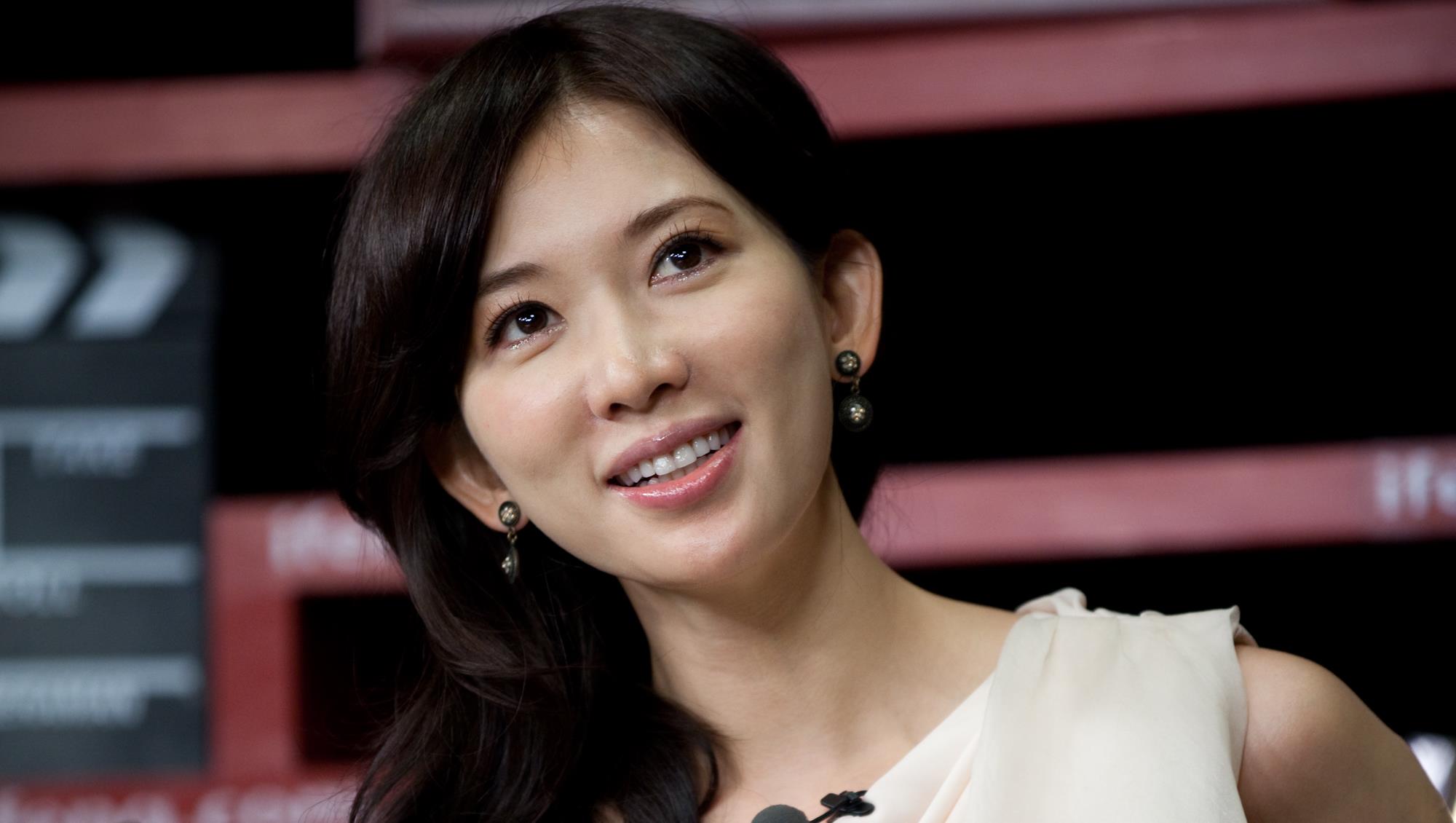 林志玲|林志玲结婚3年了，嫁给日本男人，到底过得幸不幸福？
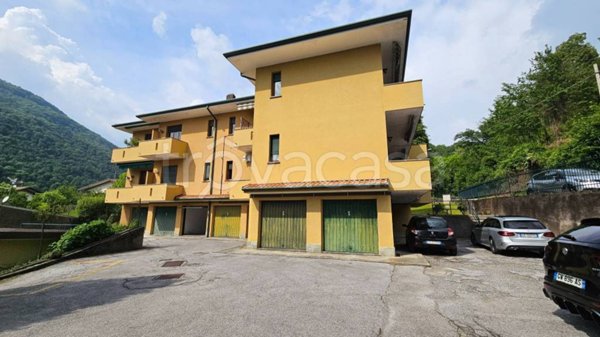 appartamento in vendita a Valbrona in zona Osigo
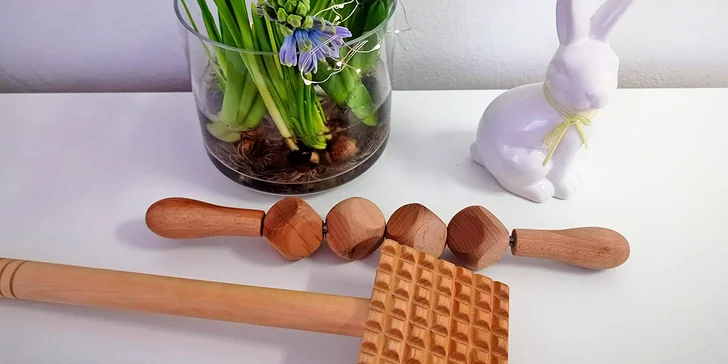 Jak maderoterapie probíhá? Válečky stimulují lymfatický systém a aktivují metabolismus. 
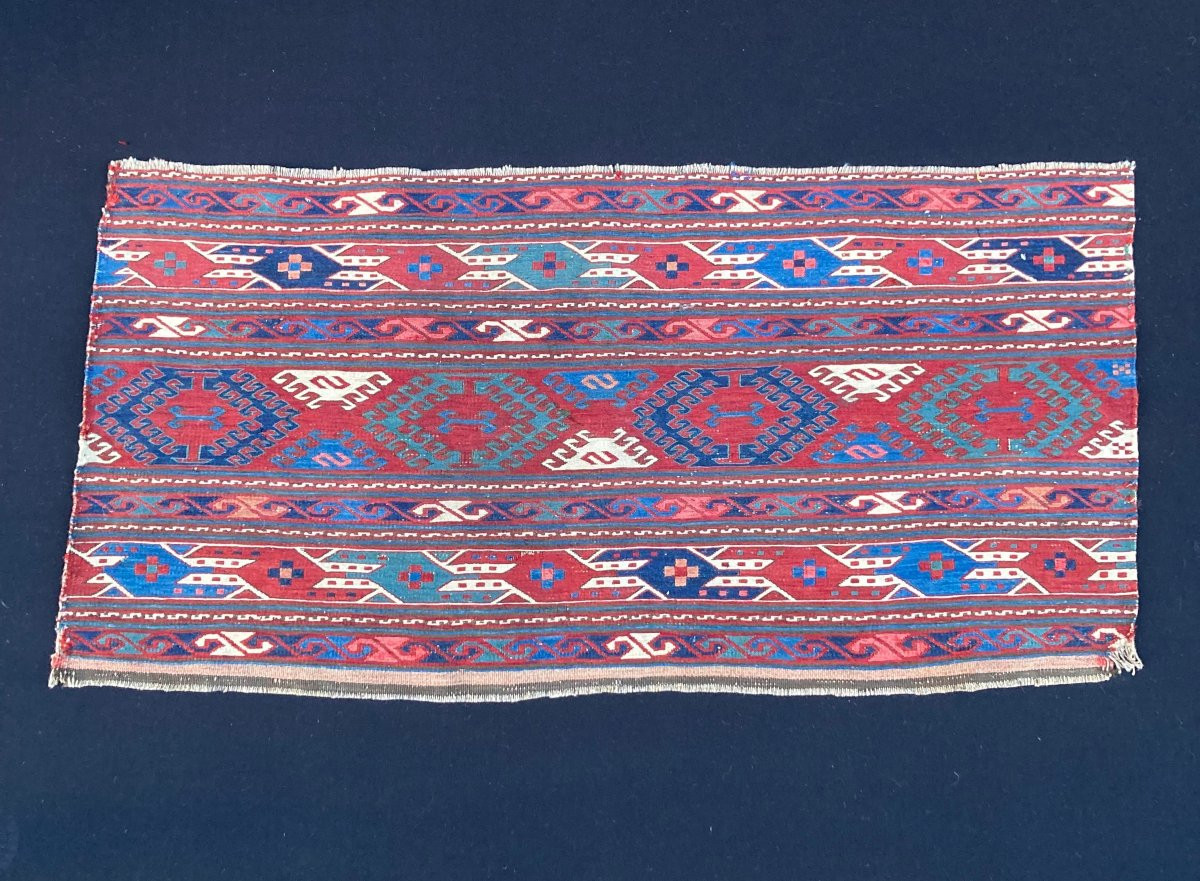 Maffrash Karabag Caucase. Circa 1850. 103 x 50 cm-photo-2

» EXERCISE PROMPT:
Set down all of the data word for word; no pictures belong in it.

» OUTPUT FOR THIS TASK:
 林志玲|林志玲结婚3年了，嫁给日本男人，到底过得幸不幸福？
 appartamento in vendita a Valbrona in zona Osigo
 Jak maderoterapie probíhá? Válečky stimulují lymfatický systém a aktivují metabolismus. 
 Maffrash Karabag Caucase. Circa 1850. 103 x 50 cm-photo-2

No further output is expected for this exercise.